§ THE TASK:
Once the line containing "全面解析，100種皮" is found in the entries below, restate it and each following line word for word, stopping after the line containing "嘴上长了个大痣,家里人说是贪吃痣,小时候家人为了安_圈子-新氧美容".

§ ENTRIES SHOWN:
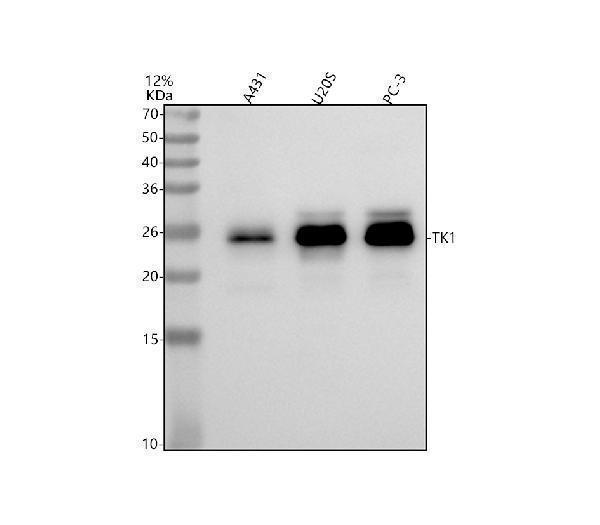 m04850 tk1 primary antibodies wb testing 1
==
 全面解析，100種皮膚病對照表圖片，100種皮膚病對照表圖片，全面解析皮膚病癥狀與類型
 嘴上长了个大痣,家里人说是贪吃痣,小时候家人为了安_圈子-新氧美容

§ SOLUTION:
 全面解析，100種皮膚病對照表圖片，100種皮膚病對照表圖片，全面解析皮膚病癥狀與類型
 嘴上长了个大痣,家里人说是贪吃痣,小时候家人为了安_圈子-新氧美容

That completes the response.